I ended my sabbatical with a brief stay in Portugal, where I reconnected with Gil Penha-Lopes (long time friend-in-the-work) and now make my home.

PhD in Complexity

For some time, I had been playing with the idea to do a transdisciplinary PhD to deepen my understanding of the many learnings over the last few decades of systemic interventions.

On a torentially rainy day in Riga, while on my EU tour, where I could scarcely get out of bed, I began researching possibilities for doctoral programs in the EU.

I found one in Portugal of all places, in Complexity, a transdisciplinary program, which I barely new existed as a field in itself.

I applied that summer, was accepted and by October 2019 had begun the program. It was an international program, in English, and online. I was furious that I didn’t have to live in Portugal, so I took it as a sign that I should.

The latest iteration of my research design pivots around the question: What does it mean to be fully-human in a universe-of-complexity?

The research is titled: Coming Back to Life: (Re)awakening radical [fully-human] participation in a universe-of-{generative} complexity. With it I develop a three dimensional theoretical framework to explore the various qualities of living systems, that we may apply towards designing ecosocial systems with that serve to regenerate Life.

Along the way, in order to build the living soils for these ecosocial systems, I look at how we can reorganize knowledge, the way we know what we know about the world we live in, an epistemology equally up to the task of interpreting our and supporting a fully-human presence on the planet.

With this foundation in place, I am exploring four areas of practical application: (1) A Regenerative Theory of Complex Knowledges: An exploration into Morin’s method in Method; (2) Regenerative Development Aims: A study in the practical application of wholeness-aliveness; (3) The Self-Organizing Bioregion: Complex organization of transformative ecosystems in practice; (4) Economies of Scale-linking: A regenerative commoning framework for living economies.


Dodoma Foodway

After my presentation in The Nature of Cities conference, I became good friends Paul Curie, (a brilliant fellow from Capetown who works for ICLEI Africa), who I shared the concept of Foodway with… it was exactly the kind of intervention he was looking to address the many ecoscial issues faced in Dodoma, Tanzania.

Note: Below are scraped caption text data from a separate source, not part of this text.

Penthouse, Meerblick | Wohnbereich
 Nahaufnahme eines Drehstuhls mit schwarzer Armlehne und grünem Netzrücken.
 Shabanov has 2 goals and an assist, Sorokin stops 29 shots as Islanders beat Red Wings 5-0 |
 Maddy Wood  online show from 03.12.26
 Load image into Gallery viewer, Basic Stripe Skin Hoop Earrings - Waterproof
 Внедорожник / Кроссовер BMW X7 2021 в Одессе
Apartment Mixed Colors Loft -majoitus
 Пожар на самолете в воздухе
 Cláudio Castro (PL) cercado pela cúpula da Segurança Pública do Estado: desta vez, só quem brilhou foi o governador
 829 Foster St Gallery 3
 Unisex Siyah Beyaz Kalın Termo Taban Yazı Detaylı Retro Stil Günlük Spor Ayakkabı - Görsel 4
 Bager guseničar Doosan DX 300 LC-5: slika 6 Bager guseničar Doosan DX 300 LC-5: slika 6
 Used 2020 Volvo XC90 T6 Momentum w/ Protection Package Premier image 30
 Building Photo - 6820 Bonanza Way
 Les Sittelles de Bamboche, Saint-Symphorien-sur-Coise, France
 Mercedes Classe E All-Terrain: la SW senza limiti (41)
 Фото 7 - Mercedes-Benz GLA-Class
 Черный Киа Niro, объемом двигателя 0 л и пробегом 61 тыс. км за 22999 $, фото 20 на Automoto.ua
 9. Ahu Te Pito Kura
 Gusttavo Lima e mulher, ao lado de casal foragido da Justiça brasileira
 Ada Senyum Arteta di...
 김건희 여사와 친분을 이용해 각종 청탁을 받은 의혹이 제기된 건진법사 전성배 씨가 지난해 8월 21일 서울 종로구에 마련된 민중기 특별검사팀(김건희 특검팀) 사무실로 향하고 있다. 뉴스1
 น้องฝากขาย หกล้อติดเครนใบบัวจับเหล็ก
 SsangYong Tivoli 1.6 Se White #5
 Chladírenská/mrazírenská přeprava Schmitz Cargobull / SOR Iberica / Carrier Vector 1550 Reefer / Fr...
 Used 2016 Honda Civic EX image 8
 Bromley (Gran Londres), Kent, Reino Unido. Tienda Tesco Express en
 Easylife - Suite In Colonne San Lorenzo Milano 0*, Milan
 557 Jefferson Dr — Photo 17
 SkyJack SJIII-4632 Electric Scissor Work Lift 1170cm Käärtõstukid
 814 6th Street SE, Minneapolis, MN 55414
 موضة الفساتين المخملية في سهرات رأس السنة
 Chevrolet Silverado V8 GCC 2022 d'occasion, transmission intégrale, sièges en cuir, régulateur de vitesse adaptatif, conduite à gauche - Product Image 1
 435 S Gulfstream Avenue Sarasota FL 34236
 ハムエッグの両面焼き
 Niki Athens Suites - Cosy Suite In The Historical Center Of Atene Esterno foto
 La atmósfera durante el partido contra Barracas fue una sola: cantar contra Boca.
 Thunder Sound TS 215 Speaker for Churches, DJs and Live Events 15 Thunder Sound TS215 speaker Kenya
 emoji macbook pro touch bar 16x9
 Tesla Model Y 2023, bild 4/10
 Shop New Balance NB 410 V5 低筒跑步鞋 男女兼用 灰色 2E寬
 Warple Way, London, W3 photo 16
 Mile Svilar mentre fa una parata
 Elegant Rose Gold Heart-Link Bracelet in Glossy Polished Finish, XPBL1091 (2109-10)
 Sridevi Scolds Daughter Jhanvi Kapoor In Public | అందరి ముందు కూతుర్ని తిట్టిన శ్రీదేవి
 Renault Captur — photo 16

Over the following months, I created a conceptual design for a foodway corridor responsive to the specific challenges in Dodoma, one of many poorly-developed  places with excess burden of being a capital city, due of its central location. The call was to use regenerative agriculture and agroforestry livlihood corridor as a buffer between the overstressed areas of human activity and natural areas.
 
Over the coming months, the concept was refined, i was partnered with local organizations, and an initial site was selected. See Msalato Community Farm for futher details on design process and design.

Abrigada Eco Community

One of the projects that was quite dear to me, was the proposed creation of Abrigada an intentional eco community on 45 acres of land north of Lisbon. This was not a professional engagement, as I had planned on living there eventually.
 
The design challenge was to create various neighborhoods of naturally-built homes, each with their own character, embedded within a regenerative agriculture/agroforestry enterprises that the community would develop over time.
 
Among other things, the community was to be a center of mastery for natural building, including creating a bioregional economy based on generating livelihoods around producing many of the products needed for building homes in this way.
 
The design of the design process I worked out was based on Christopher Alexander’s Theory of centers and how these self-organize. The idea (yet to be tested) was that future residents from each neighborhood would spend time on the land, use there whole bodies to sense and image where each pod of homes could be located, given the constraints. Each then would spend time feeling where they were drawn to with in that, to site their homes, them spend time siting, eating or sleeping where they might locate various rooms, etc.
 
For bureaucratic reasons, the project has yet to commence after three years of seeking approvals. Fingers-crossed, something beautiful still emerges there.